New Interim Final Rule on Appeals of SBA PPP Loan Review Decisions

On August 11 the Treasury released IFR 23 to inform PPP borrowers and lenders of the process by which a borrower may appeal loan review decisions to the SBA’s Office of Hearings and Appeals (OHA). Because the SBA can review a PPP loan and make determinations as to a borrower’s eligibility at any time the supplements in this IFR to previous regulation become effective immediately. The SBA may review a borrower’s eligibility for a PPP loan, the loan amount received the use of loan proceeds, and/or the loan forgiveness amount claimed by the borrower. This interim final rule establishes a new subpart L for 13 CFR part 134 establishing rules of practice for appeals of SBA loan review decisions.

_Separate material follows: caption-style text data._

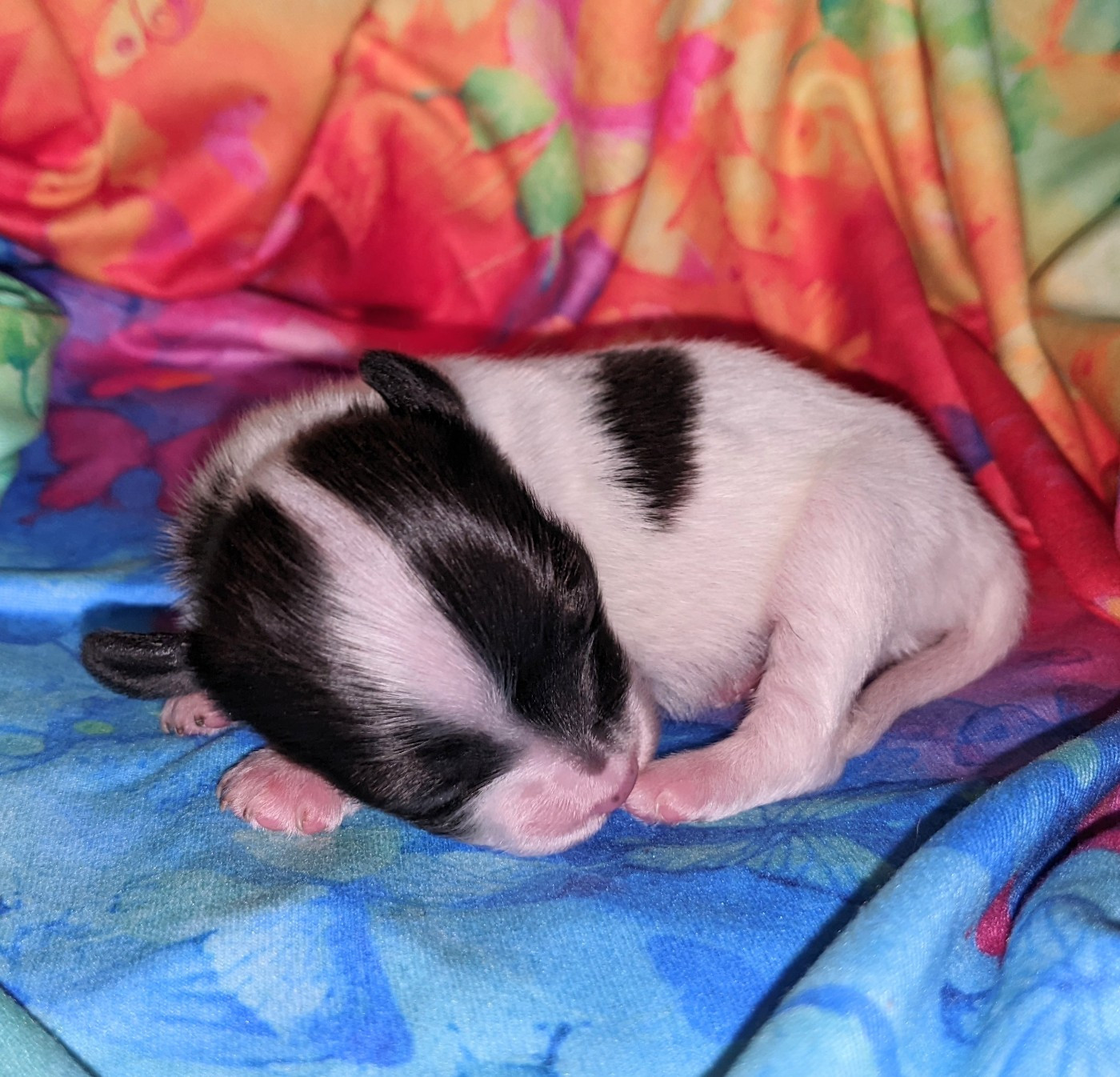 Des Ptits Toutous De L'Ubaye - Chiots disponibles - Epagneul nain Continental (Papillon)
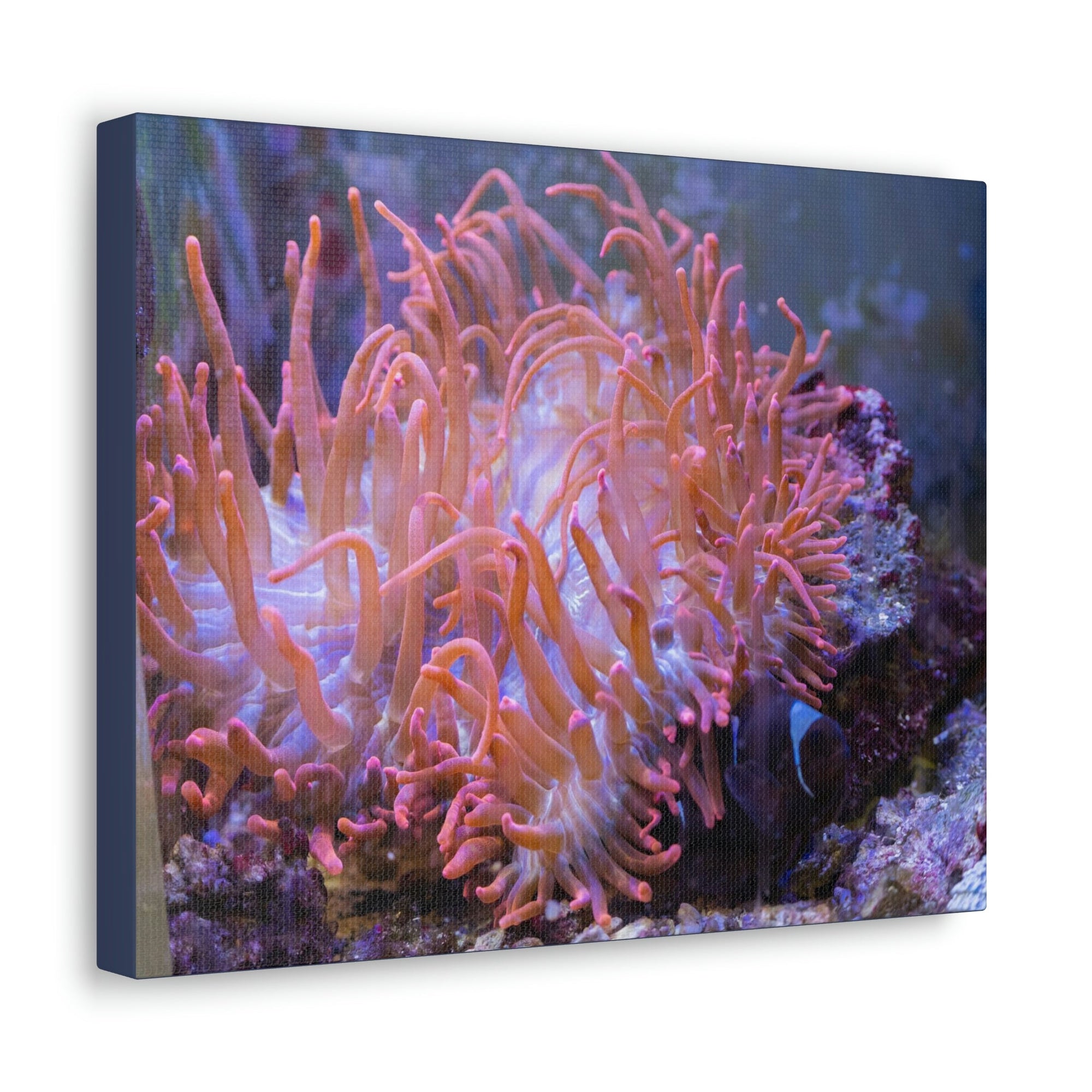 Scripture Walls Sea Anemone Group Sea Anemone Troop Print Animal Wall Art Wildlife Canvas Prints Wall Art Ready to Hang Unframed-Express Your Love Gifts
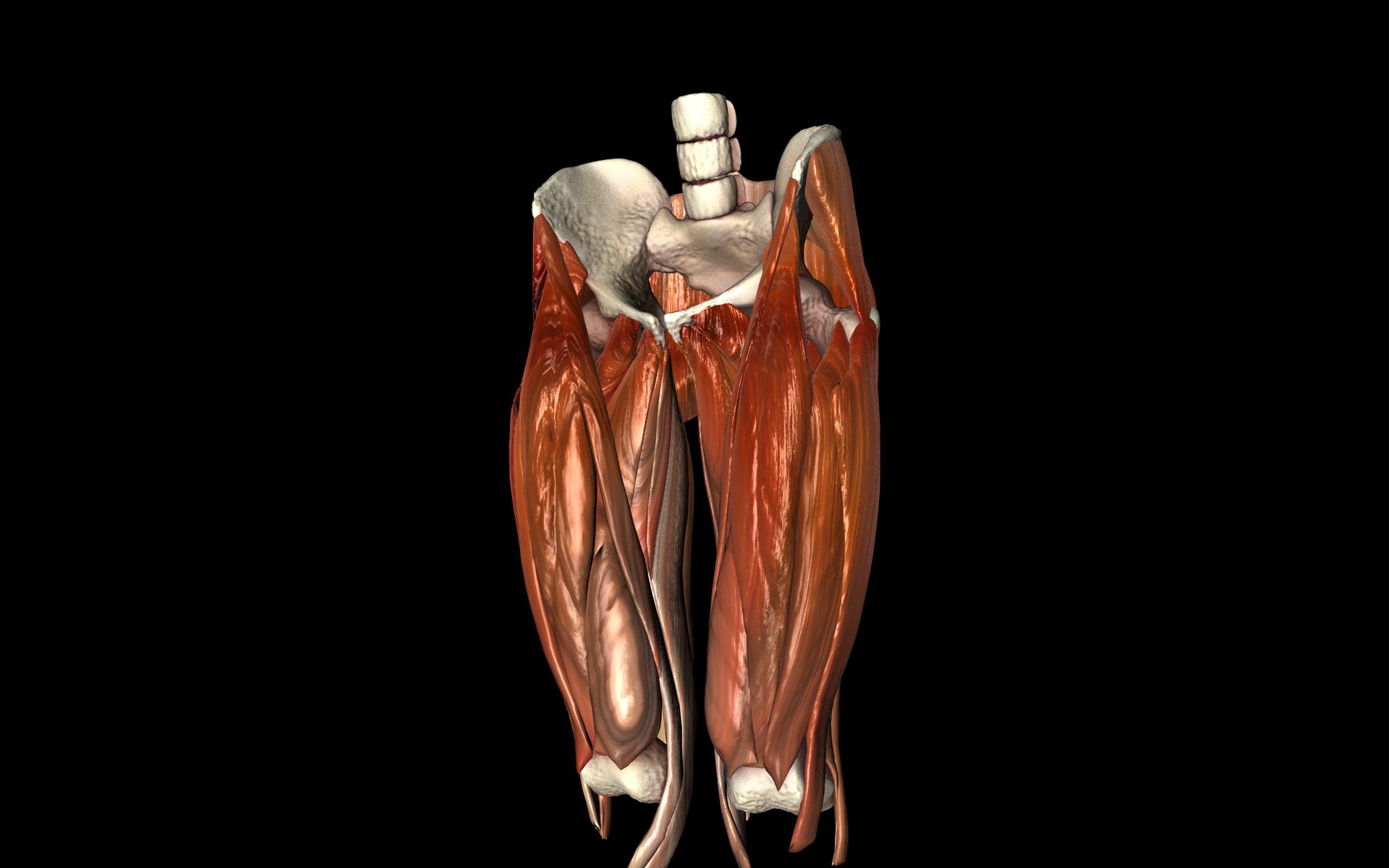 Hip Joint with Muscles Medically Accurate 3d Model 3D model_34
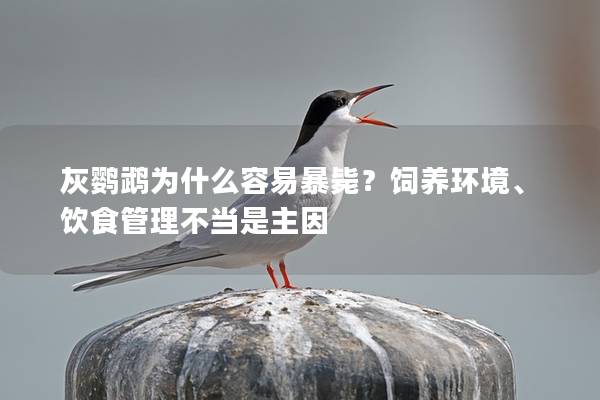 灰鹦鹉为什么容易暴毙？饲养环境、饮食管理不当是主因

Subpart L defines the term “SBA loan review decision” as an official written decision by the SBA following their review that finds a borrower (1) was ineligible for a PPP loan; (2) was ineligible for the PPP loan amount received or used the PPP loan proceeds for unauthorized uses; (3) is ineligible for PPP loan forgiveness in the amount determined by the lender in its full or partial approval decision issued to SBA; and/or (4) is ineligible for PPP loan forgiveness in any amount when the lender has issued a full denial decision to SBA. Other key stipulations include:

  • Only final SBA loan review decisions can be appealed to OHA.
  • A borrower cannot file an OHA appeal of any decision made by a lender concerning a PPP loan.
  • A PPP borrower can request an SBA review of a lender decision to deny the borrower’s loan forgiveness application in full but that request is for a review by SBA, not an OHA appeal.
  • A borrower may exercise any other rights it has under applicable law against a PPP lender regarding a lender decision.
  • Makes clear that subpart C of this part, Rules of Practice for Appeals from Size Determinations and NAICS Code Designations, is not applicable to appeals from SBA loan review decisions.
  • Because a PPP borrower must begin making payments of principal and interest on the remaining balance of its PPP loan at the end of the loan payment deferral period, or when SBA remits the loan forgiveness amount to the lender (or notifies the lender that no loan forgiveness is allowed), an appeal by a borrower of any SBA loan review decision does not extend the deferral period of the PPP loan.
  • If the SBA remits to the lender the loan forgiveness amount set forth in the decision issued by the lender to SBA (except for the deduction of any Economic Injury Disaster Loan advance), the borrower may not file an appeal with OHA, and the borrower must begin repayment of any remaining balance of its PPP loan.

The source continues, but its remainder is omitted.